I'm having trouble deciding who to vote for this month.
Twice the pictures has made it tough.


----------



## Laika (Mar 3, 2013)

TR, I know what you mean. 

So many really good V pics this month, but it's a good dilemma to have


----------



## cooperman (Oct 26, 2010)

Very hard to choose this month. Too many great looking vs on here


----------



## harrigab (Aug 21, 2011)

Do you think we should go back to just the 1 pic?


----------



## OttosMama (Oct 27, 2011)

So many great photos! I kinda of like having 2. 

I must've skipped a whole page at one point because going through just now I saw a bunch I hadn't seen. 

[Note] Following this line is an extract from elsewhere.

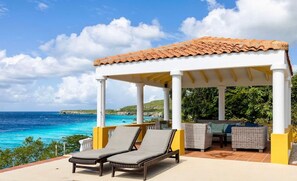 Un espace extérieur aménagé, abrité et doté de fauteuils et d’une table, offrant une vue sur la côte.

SULIKO, that picture of Pacsi caught my eye! I was thinking, that's a different color for a vizsla! Then I looked down and thought, wait a second... That pair looks familiar! Nice shots!


----------



## texasred (Jan 29, 2012)

harrigab said:


> Do you think we should go back to just the 1 pic?


No 
2 is fine.


----------



## harrigab (Aug 21, 2011)

rift in the harrigab household :,,we all picked our two favourites (both by same member actually), Mrs H and Harrison picked one, myself and Gabriel picked the other....the other got the vote lol!


----------



## WillowyndRanch (Apr 3, 2012)

Some great pics! 

Though some are certainly of very high quality from a technical standpoint and posed/lighted expertly, I very much liked Joe C1's picture. A bit blurred yet even then shows the flying drool, extreme joyful enthusiasm and boundless Vizsla spirit. To me, that is a great V pic. Captured true to the breed and the moment. Well done.
Ken


----------



## Big Rick (Apr 14, 2009)

Does voting for the October pic really close on 8/11/2013?


----------



## einspänner (Sep 8, 2012)

Well we Americans would write it as 11/8/13, but yes looks like voting closes next Friday.


----------



## Suliko (Sep 17, 2011)

*OttosMama*, thank you so much! I reaaaally love Otto's points - so tense! 8) 

This is so hard....the voting part! Love to look at all of the pictures! But I've made my choice


----------



## harrigab (Aug 21, 2011)

Big said:


> Does voting for the October pic really close on 8/11/2013?


it does Big Rick, I leave voting poll open for a week after the end of the monthly comp.


----------



## harrigab (Aug 21, 2011)

Well looks like I picked right member but wrong pic , Well done Einspanner on winning October Pic of the Month, and well done to everyone that entered and voted ;D


----------



## einspänner (Sep 8, 2012)

Thanks everyone! How nice to come back home after an amazing trip to a wiggly puppy and this news. I am very honored to win with such strong competition. I told Scout if she won, I would give her an exclusive modeling contract, so expect to see more of her soon.


----------



## Darcy1311 (May 27, 2012)

Congratulations on winning the October Pic of the month Einspanner ;D a worthy winner...


----------